A Well-tempered Heart (2 page)

Read A Well-tempered Heart Online

Authors: Jan-Philipp Sendker

“Julia?”

Not a word. Not one. Shortness of breath. Where was this voice coming from? Who was that talking to me? What did she want? What did I have to fear from my colleagues?

“Feel free to jump right in. We’re all ears.” Mulligan’s growing impatience. Disapproving coughs.

Take great care. Watch what you say. Be careful who you look at.

I raised my head and glanced cautiously around. Upper bodies rocking uneasily. Marc’s worried expression; he felt my pain. I imagine. A smirk flitted across Frank’s broad face. As if he’d always known the day would come when I would crumble pathetically under the pressure.

You mustn’t trust them, no matter what they say.

That voice cinched my throat shut. I was paralyzed. Their faces ran together. Sweaty palms. My heart beat faster.

“Julia. Are you okay?”

No one will help you.

“If I may …” I began.

Utter silence once again. It had sounded louder than necessary. More of a cry than a polite request for attention. Their glances. The ensuing silence. I felt dizzy. On the brink of collapse.

“Would you like some water?”

It sounded sincere. Or was I fooling myself? Did I need to be on my guard?

Not a word, now. Hold your tongue.

A dark chasm opened before me, yawning wider by the second. I wanted to hide, to crawl off somewhere. What in the world was happening to me? I was hearing a voice, plain as day. A voice I had no control over. A stranger. Inside me. I felt myself getting smaller and smaller. Smaller and needier. I would not be able to say another word until it was quiet again in my head. I pressed on my ears a couple of times, quickly and sharply, the way I did when the occasional rushing got too loud. I tried another deep breath and knew right away it was pointless.
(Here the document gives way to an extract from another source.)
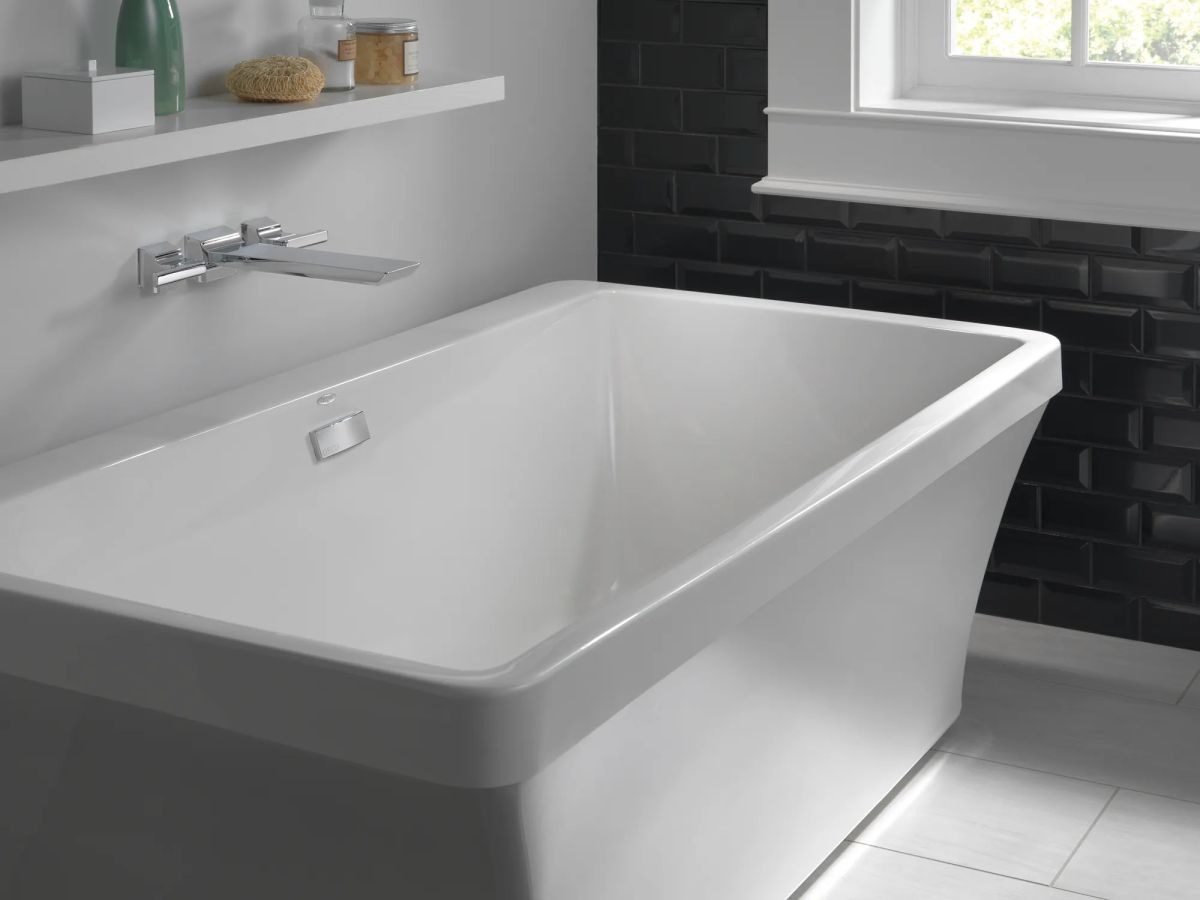 DELTA Pivotal Wall Mount Tub Filler Trim — Lumicoat® Chrome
They mean you no good. Their smiles are false. They are dangerous.

Scream. Drown her out with my own real voice. LEAVE ME ALONE. STOP TALKING. STOP. STOP.

Not a word. Not one.

Mulligan and I exchanged looks. I realized it was true that no one in this room could help me. I had to get out. Immediately. I would go to the restroom, to my office, home, it didn’t matter, as long as it was away from here. They were here for a presentation. They were expecting ideas and proposals, and if I wasn’t up to the job, at least I owed them an explanation for my behavior. An apology. I was in no position to give them either one. I didn’t have the strength. I had nothing to say. A brief hesitation, then I slowly straightened up, pushing back my chair and rising. My legs were quivering.

What are you doing?

“What the hell is going on here, Julia?”

I gathered my papers, turned away, and headed for the
door. Mulligan was shouting something, but I could no longer understand a word he was saying.

I opened the door, stepped out, and closed it quietly behind me.

Now what?

I walked down the hall past the restrooms to my office, set the documents on my desk, took my coat, tucked U Ba’s letter into my handbag, and left the office calmly and without another word.
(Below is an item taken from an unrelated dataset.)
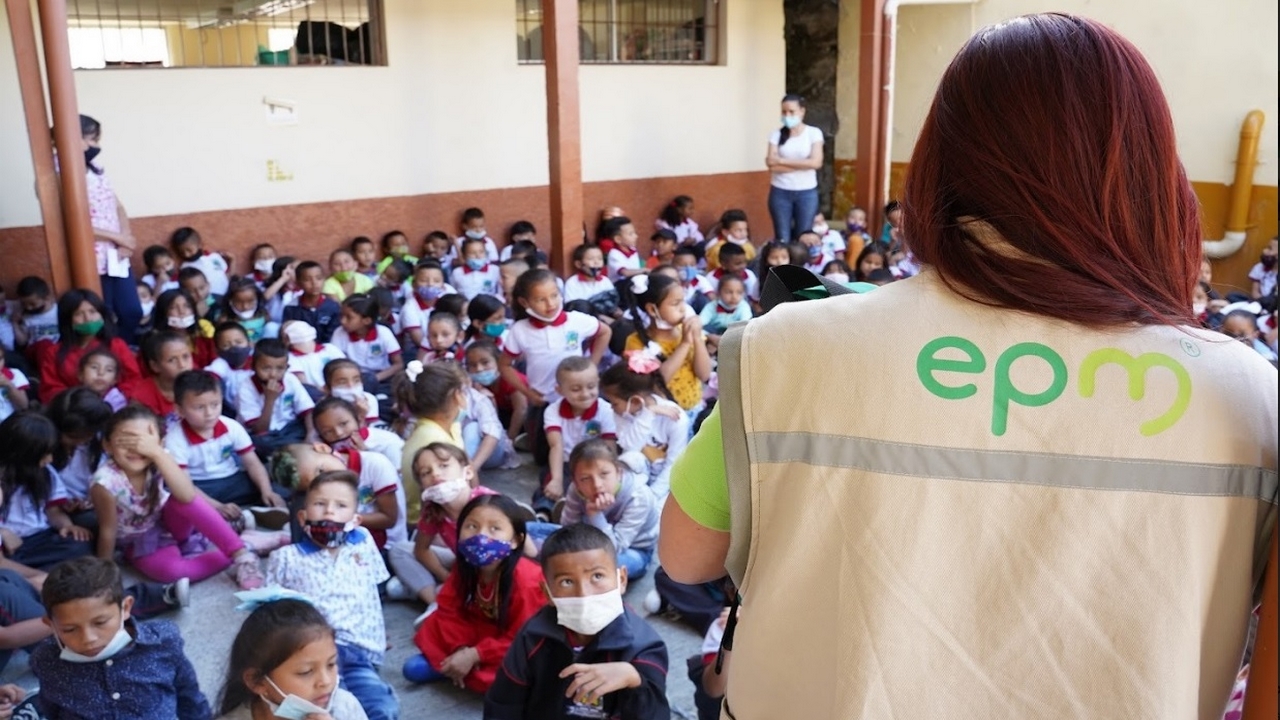 Hidroituango y EPM entregan paquetes escolares a niños del área de influencia de las obras y el Bajo Cauca 2 Hidroituango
I had as yet no idea that I had unwittingly set off on my journey. On that fall day, icy cold and clear as a bell, in the week before Thanksgiving.

Chapter 2

Kalaw, November ninth

In the year two thousand six

My dear little sister,

I hope this letter finds you in good spirits and good health. Please forgive my long silence. I no longer recall precisely when last I found the time to write you a few lines. Was it in the heat of the summer or yet before the turn of the monsoon?

It seems that an eternity has passed since then, though little enough has transpired in my life and in Kalaw. The astrologer’s wife has fallen ill and will soon die; the daughter of the owner of the teahouse where we first met now has a son. It is the same kind of comings and goings as anywhere else in the world, is it not? And yet our life here has a different rhythm from yours, as you may recall. As for me, I must confess that I am unable to imagine how quickly your world turns.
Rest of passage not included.